Mais de 40 países se reuniram na quinta-feira (2) em uma reunião virtual para discutir “todas as medidas possíveis” para acabar com o controle exercido pelo Irã sobre o Estreito de Ormuz.

A reunião, organizada pelo Reino Unido, não teve conclusões formais. A conversa ocorreu em meio a uma troca cada vez mais tensa — e, às vezes, pessoal — entre os presidentes da França, Emmanuel Macron, e dos Estados Unidos, Donald Trump, que tem colocado sobre os aliados a responsabilidade de reabrir o estreito por quaisquer meios necessários.

O bloqueio da rota marítima pelo Irã deixou quase 2.000 embarcações presas dentro do Golfo Pérsico, segundo a Organização Marítima Internacional.
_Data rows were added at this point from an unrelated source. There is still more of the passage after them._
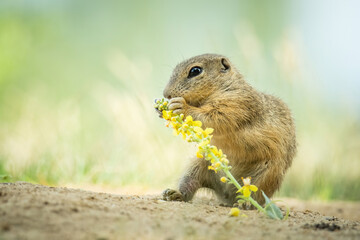 European ground squirrel (Spermophilus citellus), with beautiful green coloured background. An amazing endangered mammal with yellow hair in the steppe. Wildlife scene from nature, Czech Republic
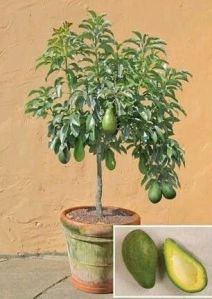 GRAFTED AVOCADO PLANT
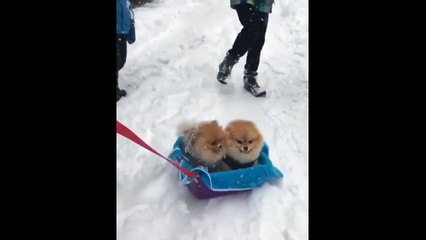 Des spitz adorent jouer dans la neige !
Mas o estreito permanece aberto para a Rússia, disse hoje um assessor do presidente Vladimir Putin.

Confira as principais notícias do dia sobre a guerra:

  • Mais de 2.000 pessoas foram mortas no Irã desde o início dos ataques conjuntos dos EUA e de Israel há um mês, informou a Crescente Vermelha Iraniana na quinta-feira.
  • Ataques israelenses no Líbano causaram vítimas civis significativas e o deslocamento de mais de 1 milhão de pessoas, segundo a organização sem fins lucrativos Project HOPE. À medida que Israel intensifica sua ofensiva contra o Hezbollah, trabalhadores migrantes no Líbano estão sendo deslocados pela segunda vez — e os recursos estão se esgotando, alerta a Organização Internacional para as Migrações.
  • Um ataque atingiu um jardim de infância no norte de Israel na quinta-feira, fazendo com que parte do telhado desabasse e espalhando destroços pelo pátio.
  • O Irã está elaborando um protocolo com Omã para facilitar a passagem segura do tráfego marítimo pelo Estreito de Ormuz, disse uma autoridade iraniana sênior.
  • Os bombardeios dos EUA e de Israel “interromperam completamente” as operações em uma das maiores siderúrgicas do Irã, segundo a mídia estatal, prejudicando infraestrutura essencial e deixando funcionários sem trabalho.
  • A Guarda Revolucionária Islâmica do Irã afirmou ter atacado um centro de computação em nuvem da Amazon no Bahrein em retaliação a recentes “assassinatos”.